Call HIM to get prepared
Free, 24/7. HIM tells you which agency has your report and what to line up before it lands — no forms, no data-selling.
Check BuyCrash after ~7 business days
Search buycrash.lexisnexisrisk.com. Once your report is uploaded, it downloads instantly for about $11.
How do I check if my Atlanta report is ready yet?
Go to buycrash.lexisnexisrisk.com, select Georgia and the agency (Atlanta Police Department or Georgia State Patrol), and search using the last name of someone involved plus the crash date, and one of: the report number, a vehicle VIN, or a driver's-license number. A "no results" screen before day 7 almost always just means the upload hasn't happened yet — it isn't an error on your end. Lost the slip with your report number? Here's what to do instead.
You can also call APD Central Records directly at 404-546-7461 during business hours to ask whether a report has been entered into the system, without paying anything until it's actually ready.

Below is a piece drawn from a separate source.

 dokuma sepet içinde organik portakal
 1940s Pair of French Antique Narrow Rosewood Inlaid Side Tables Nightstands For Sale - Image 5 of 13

Is "how long to get it" the same as "how long I have to file" in Atlanta?
No — and mixing these two up is the most common confusion drivers run into. This guide answers how long it takes to receive a report an officer has already agreed to write. A completely separate question is how long you have to file one in the first place, which is a legal deadline under Georgia law (O.C.G.A. § 40-6-273) for reporting a crash involving injury, death, or at least $500 in property damage — that applies especially when no officer responded to the scene. If that's the question you actually have, see how long you have to file a police report after an Atlanta car accident.
If no officer ever came to your crash, you may need to self-report using Georgia's SR-13 form through the Department of Driver Services rather than waiting on a report that was never opened. See what to do if police didn't come to your Atlanta accident.
"Get it" or "file it" — not sure which question is yours?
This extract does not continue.